To do:
Retype every line from the one containing "Lambertville Station Inn" through the last line of the records below, both included; leave out the pictures.

Data shown:

= Beginning of Section =

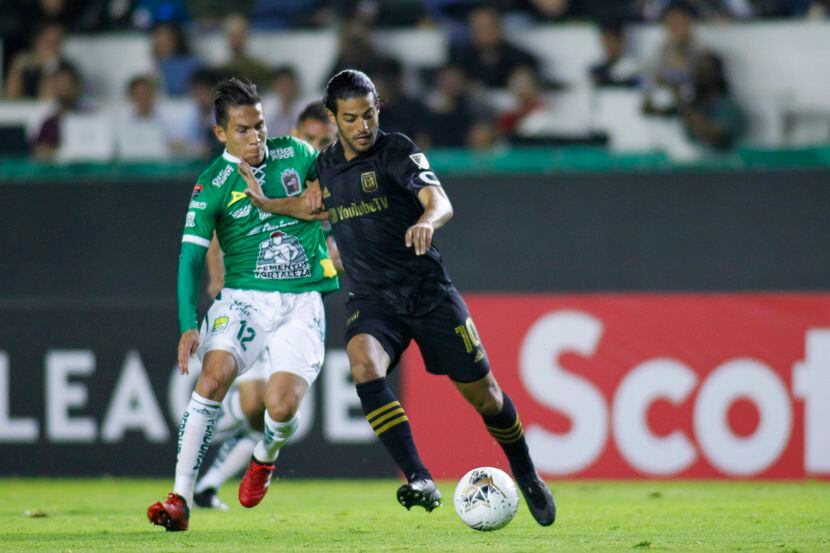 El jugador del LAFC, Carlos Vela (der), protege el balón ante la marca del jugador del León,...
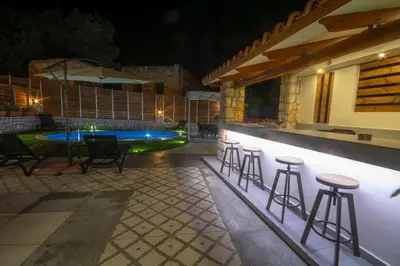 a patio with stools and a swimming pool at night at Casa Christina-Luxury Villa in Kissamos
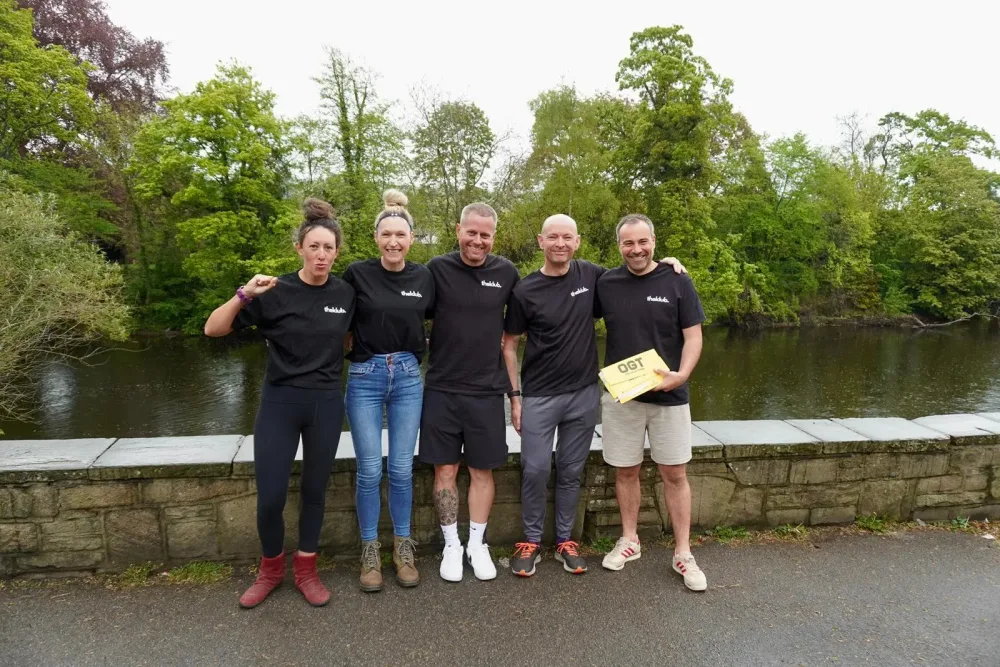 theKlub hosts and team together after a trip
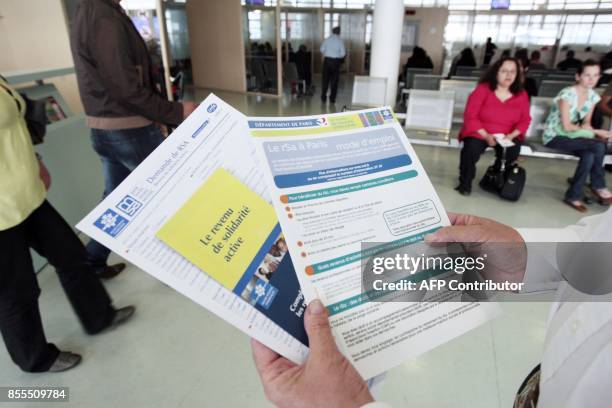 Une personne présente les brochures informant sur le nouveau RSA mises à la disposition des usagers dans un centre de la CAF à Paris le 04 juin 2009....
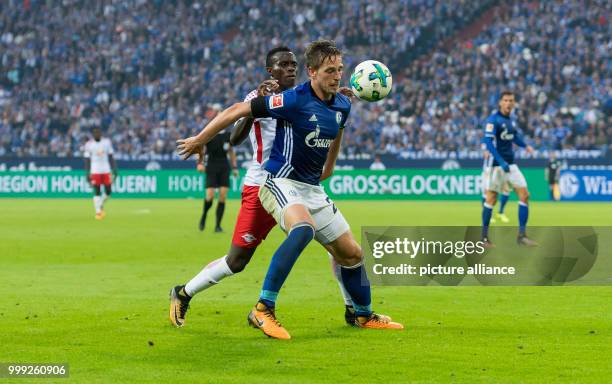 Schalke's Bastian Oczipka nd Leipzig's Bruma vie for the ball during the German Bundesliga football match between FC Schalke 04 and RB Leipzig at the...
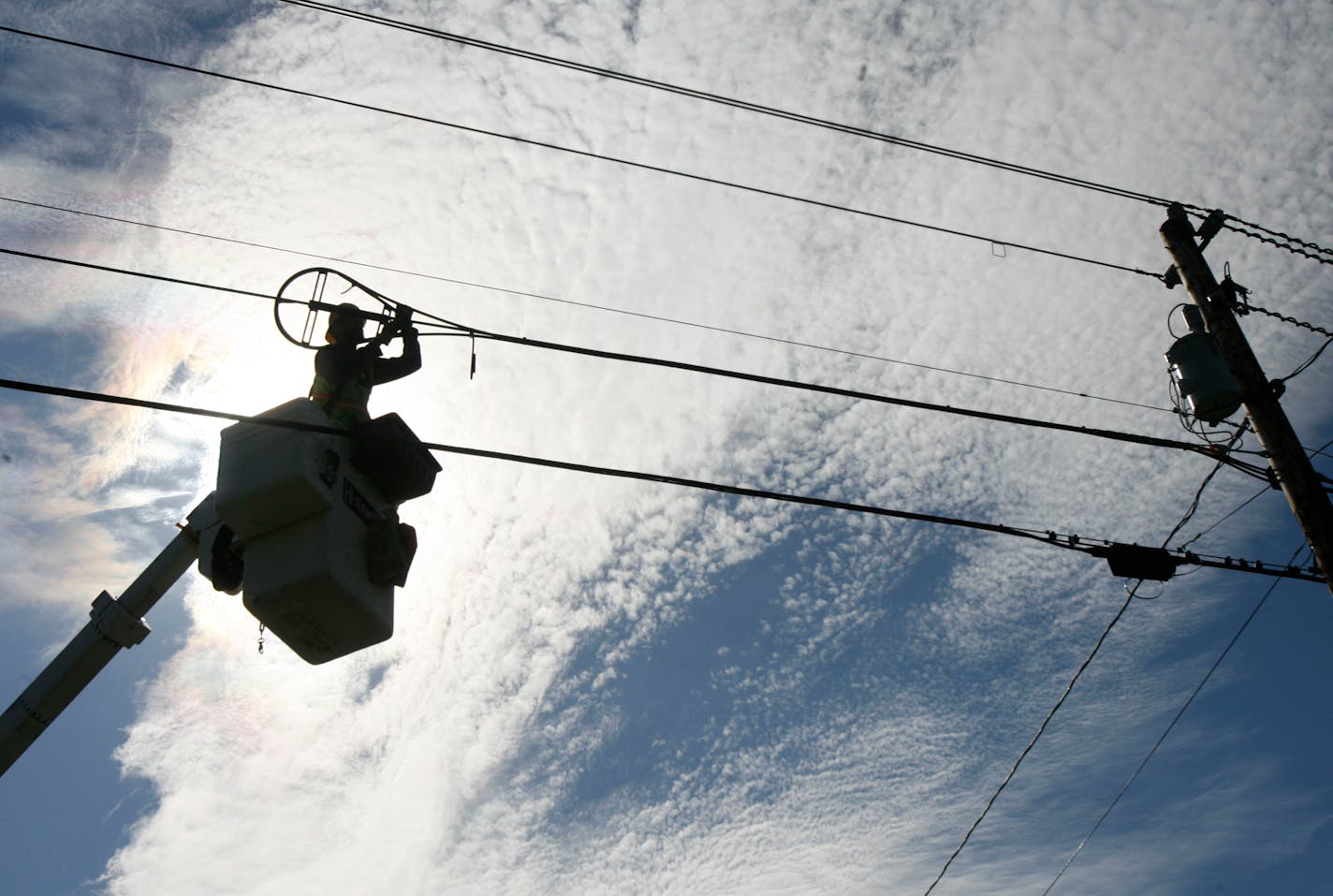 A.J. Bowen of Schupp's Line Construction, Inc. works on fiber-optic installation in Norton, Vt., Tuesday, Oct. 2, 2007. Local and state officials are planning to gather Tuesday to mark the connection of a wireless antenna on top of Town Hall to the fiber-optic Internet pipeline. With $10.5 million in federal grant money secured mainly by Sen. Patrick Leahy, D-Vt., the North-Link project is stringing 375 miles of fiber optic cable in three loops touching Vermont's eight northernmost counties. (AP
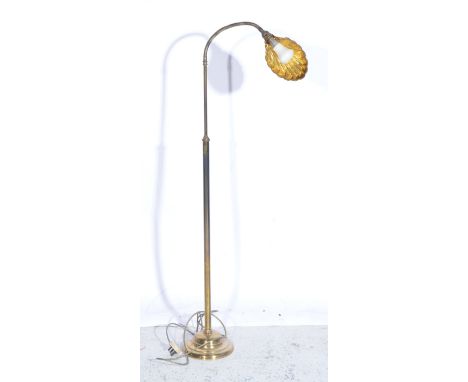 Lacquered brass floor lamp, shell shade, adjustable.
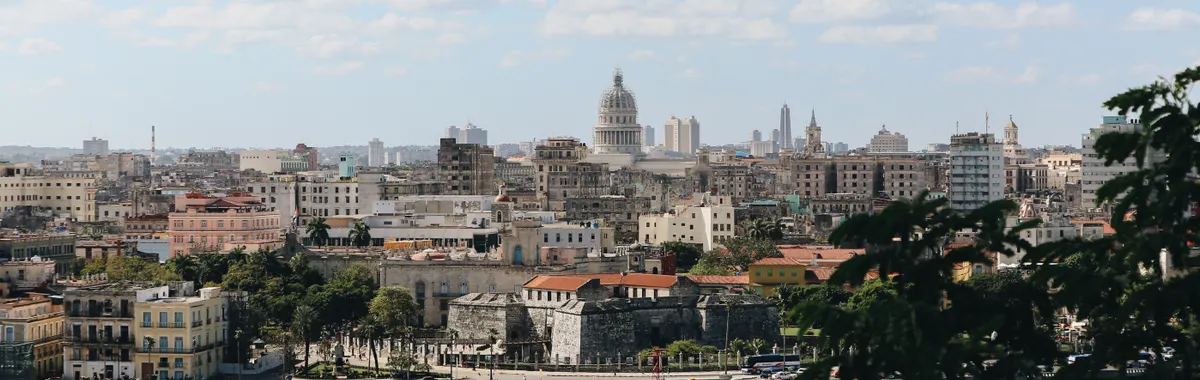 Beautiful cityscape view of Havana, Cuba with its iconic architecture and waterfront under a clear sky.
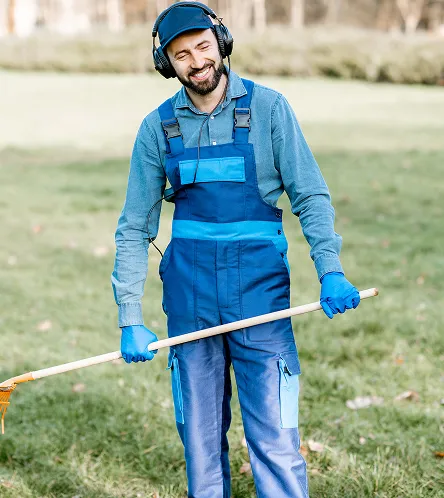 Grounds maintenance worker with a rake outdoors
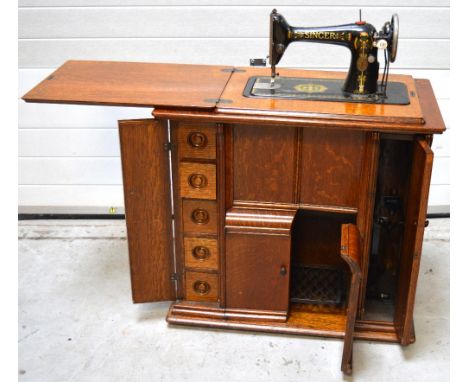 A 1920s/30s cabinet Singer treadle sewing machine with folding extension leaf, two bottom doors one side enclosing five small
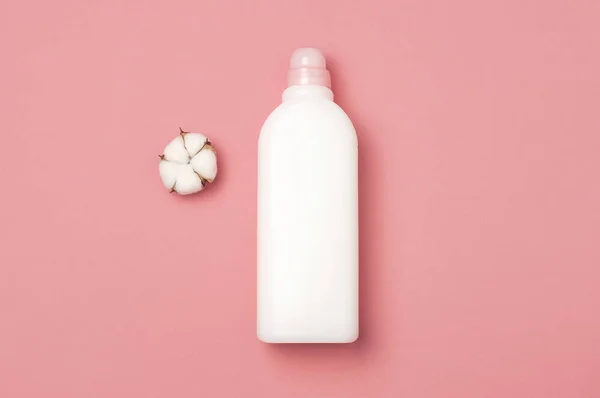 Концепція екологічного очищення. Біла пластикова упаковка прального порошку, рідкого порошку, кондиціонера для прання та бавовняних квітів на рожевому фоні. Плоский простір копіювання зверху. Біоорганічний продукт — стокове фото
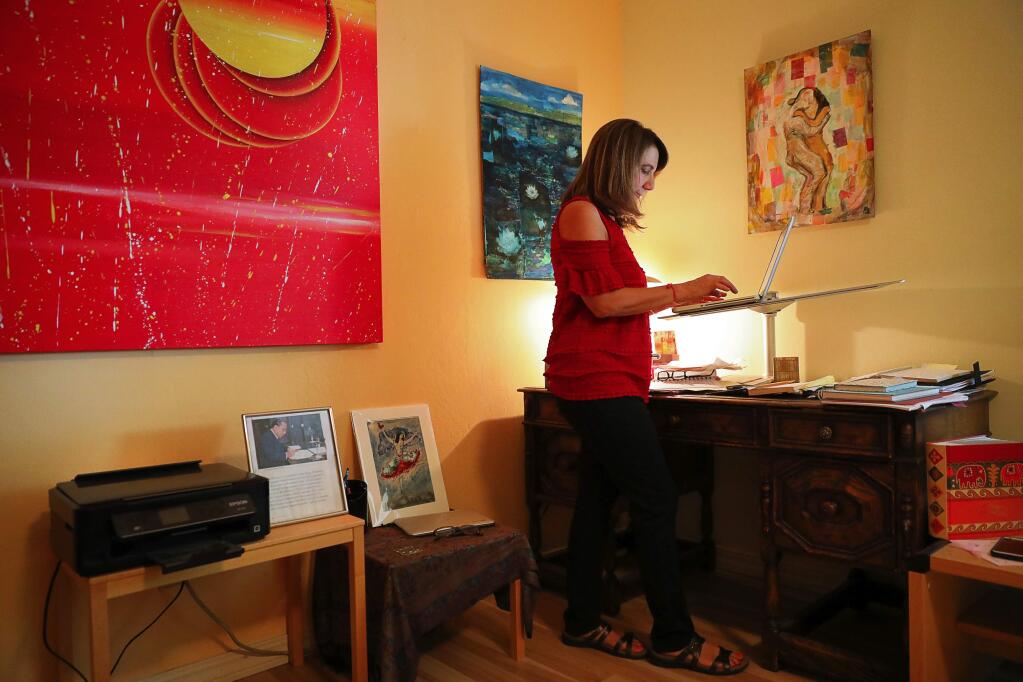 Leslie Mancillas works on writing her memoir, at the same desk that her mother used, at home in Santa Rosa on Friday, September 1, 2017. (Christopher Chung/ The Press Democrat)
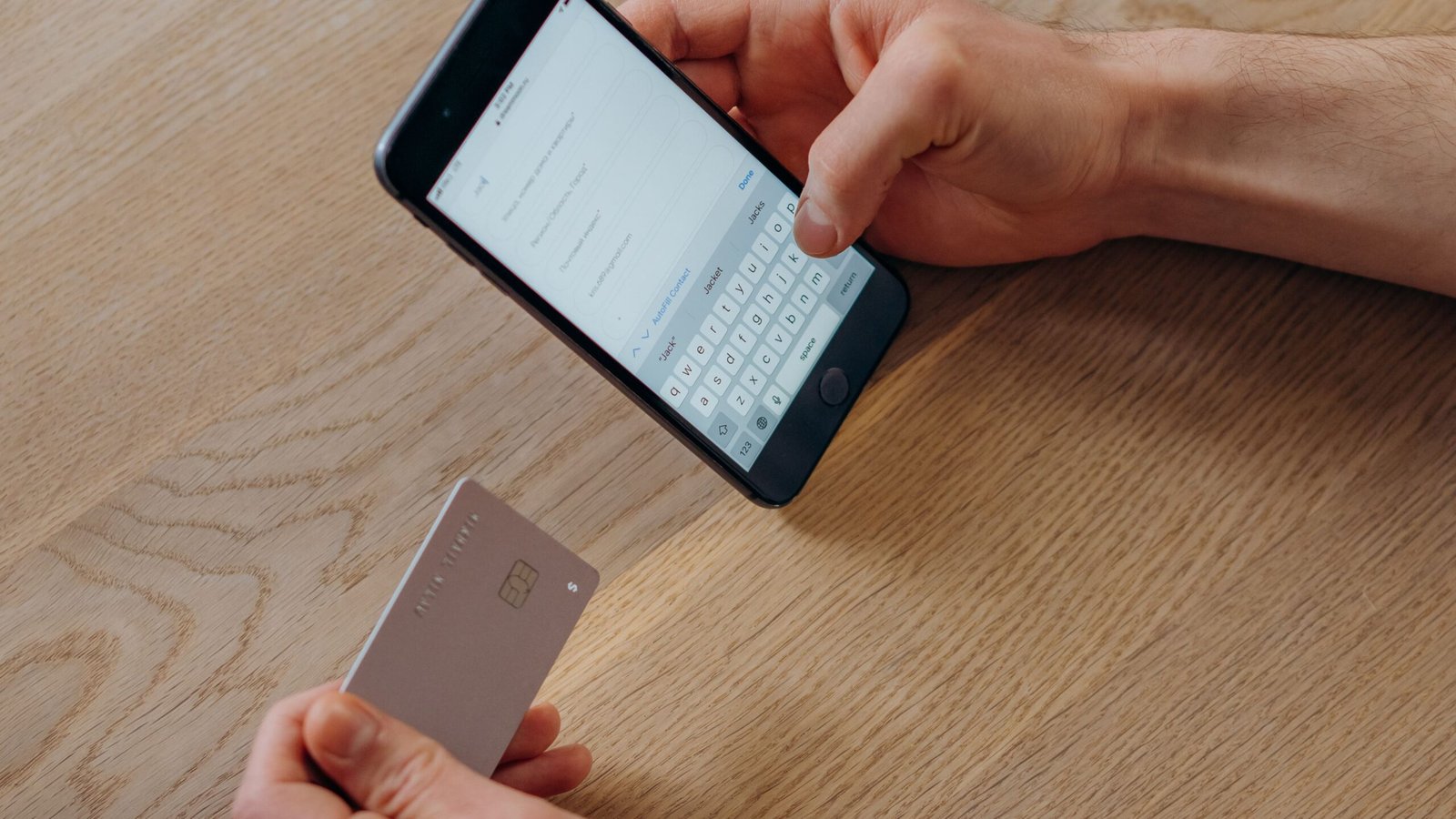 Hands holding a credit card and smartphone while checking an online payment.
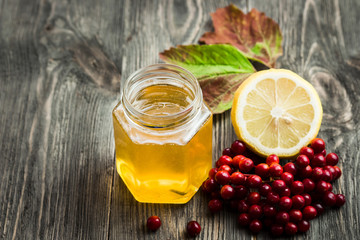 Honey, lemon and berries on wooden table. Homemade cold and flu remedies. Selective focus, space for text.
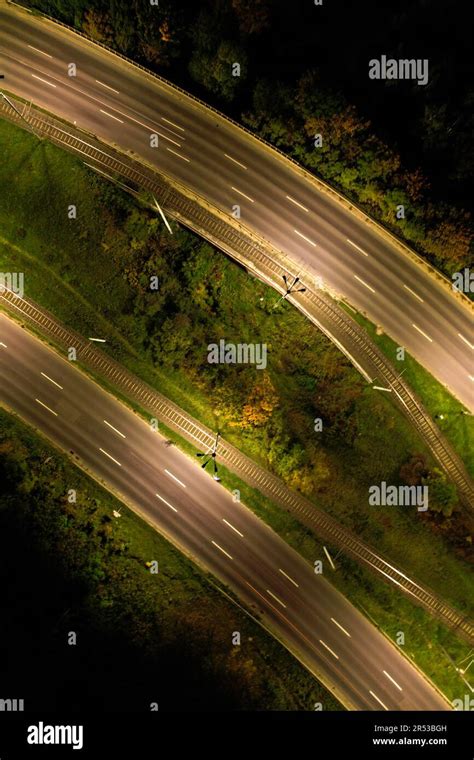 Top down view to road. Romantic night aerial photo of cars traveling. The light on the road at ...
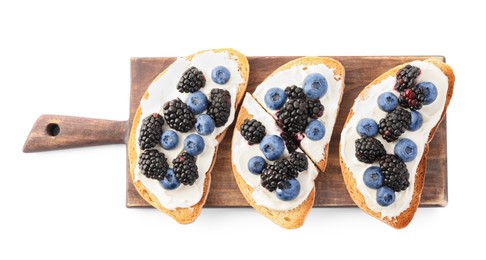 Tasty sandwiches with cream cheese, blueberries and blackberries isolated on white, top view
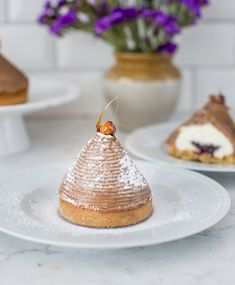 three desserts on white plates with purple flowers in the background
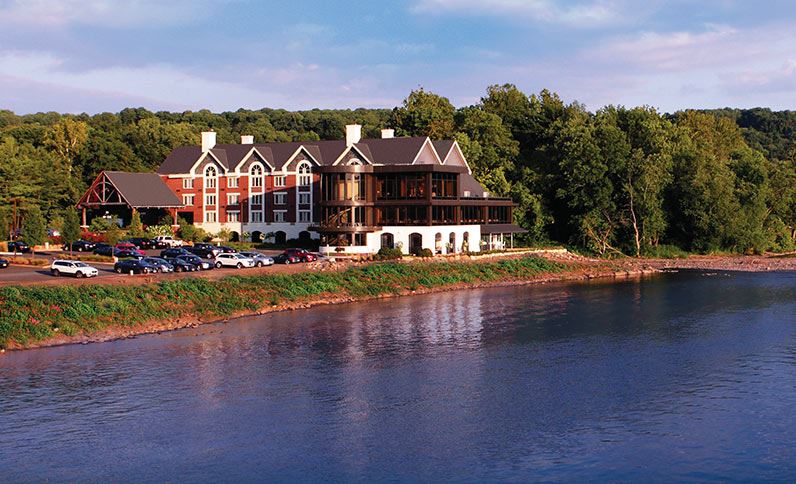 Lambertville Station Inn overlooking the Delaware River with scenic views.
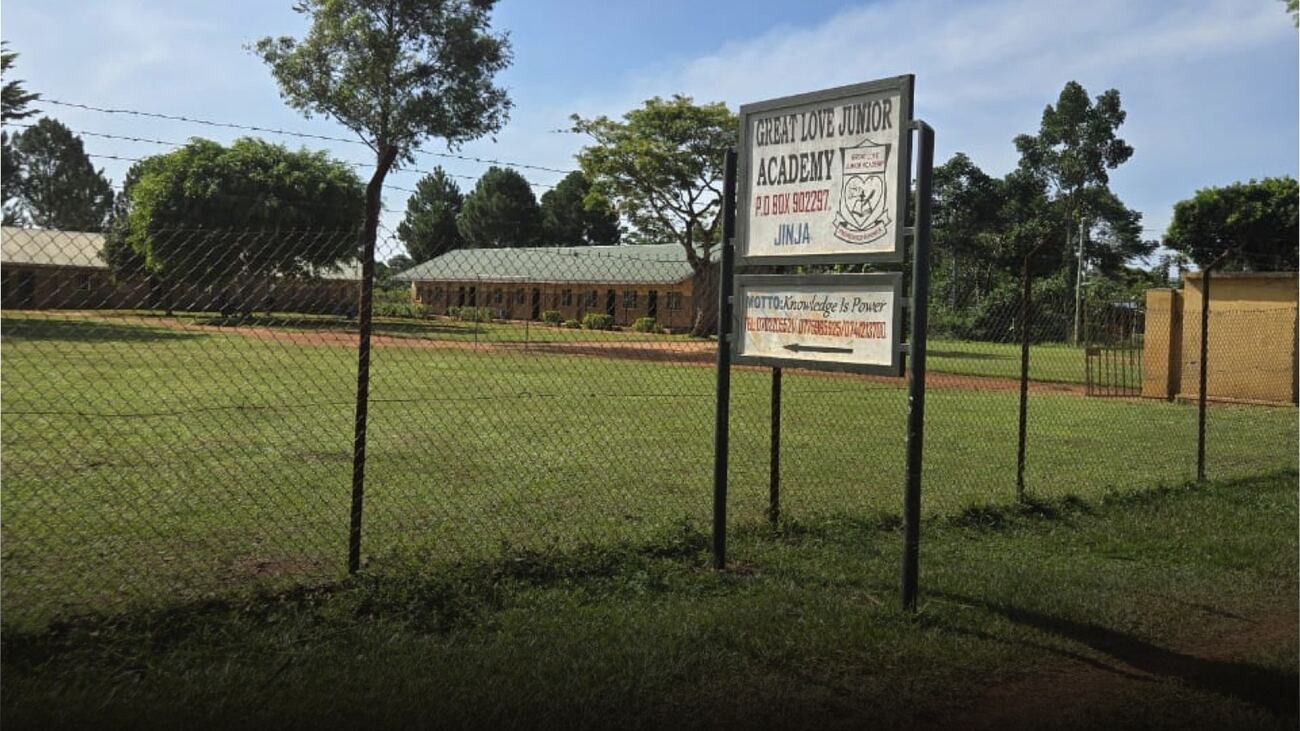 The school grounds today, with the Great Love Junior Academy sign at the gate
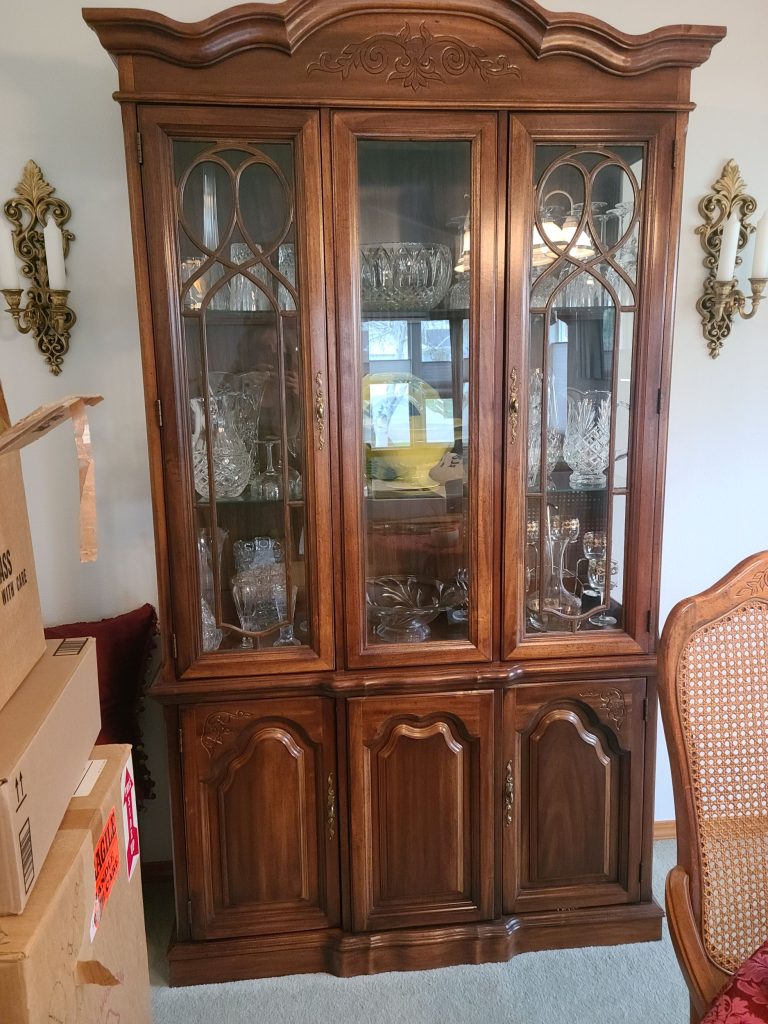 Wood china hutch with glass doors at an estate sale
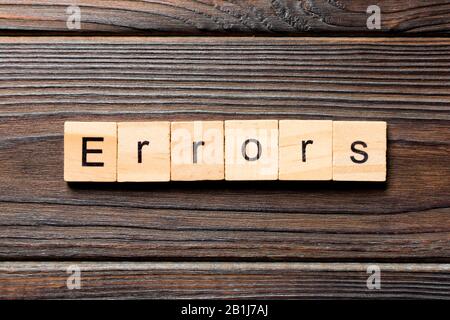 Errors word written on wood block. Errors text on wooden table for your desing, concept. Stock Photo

= End of Section =

Output:
 Lambertville Station Inn overlooking the Delaware River with scenic views.
 The school grounds today, with the Great Love Junior Academy sign at the gate
 Wood china hutch with glass doors at an estate sale
 Errors word written on wood block. Errors text on wooden table for your desing, concept. Stock Photo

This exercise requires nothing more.